_Exercise details_. Take the line that contains "POGLAVLJE KURTIJEVE KAMPANJE" as the start and the last line of the entries as the end, and print both and everything between them exactly, without the pictures.

_Extracted material_.
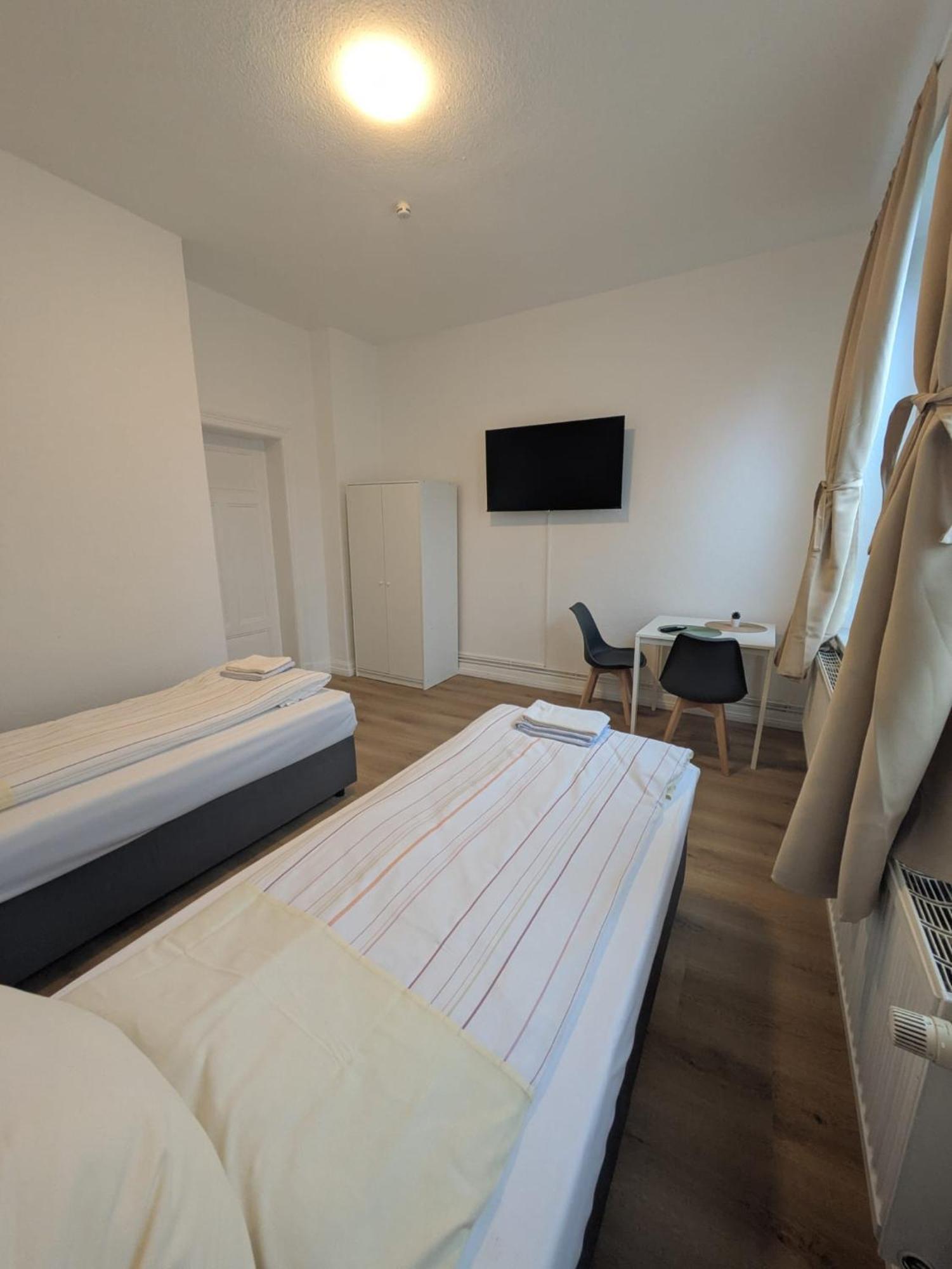 Modernes Apartment Mit 2 Schlafzimmern Und Privatparkplatz Nahe Innenstadt ノイミュンスター エクステリア 写真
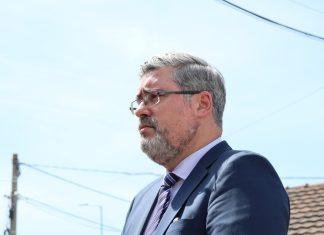 “NAJNOVIJE POGLAVLJE KURTIJEVE KAMPANJE VATRE I BESA” Starović o zatvaranju klinike u Kamenici: “Srbima se uskraćuju osnovne usluge dok svet ćuti” “najnovije-poglavlje-kurtijeve-kampanje-vatre-i-besa”-starovic-o-zatvaranju-klinike-u-kamenici:-“srbima-se-uskracuju-osnovne-usluge-dok-svet-cuti”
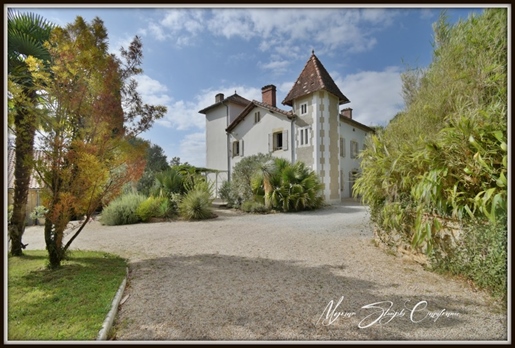 Dpt Landes (40), à vendre proche de Bordeaux, propriété d'exception de 420 m² au calme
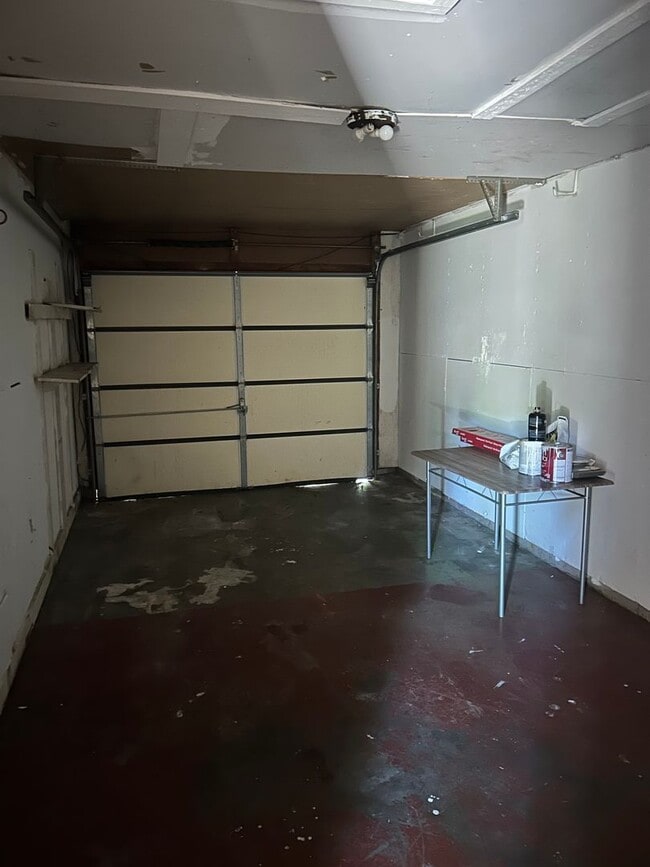 Building Photo - 159 Randall Dr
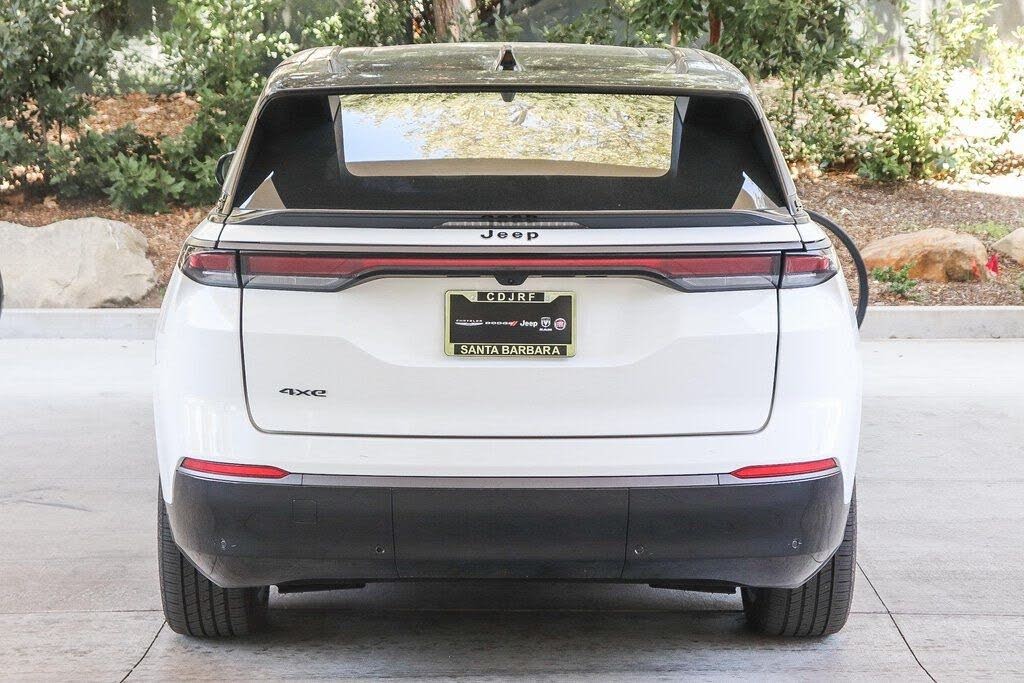 2025 Jeep Wagoneer S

_Task result_.
 “NAJNOVIJE POGLAVLJE KURTIJEVE KAMPANJE VATRE I BESA” Starović o zatvaranju klinike u Kamenici: “Srbima se uskraćuju osnovne usluge dok svet ćuti” “najnovije-poglavlje-kurtijeve-kampanje-vatre-i-besa”-starovic-o-zatvaranju-klinike-u-kamenici:-“srbima-se-uskracuju-osnovne-usluge-dok-svet-cuti”
 Dpt Landes (40), à vendre proche de Bordeaux, propriété d'exception de 420 m² au calme
 Building Photo - 159 Randall Dr
 2025 Jeep Wagoneer S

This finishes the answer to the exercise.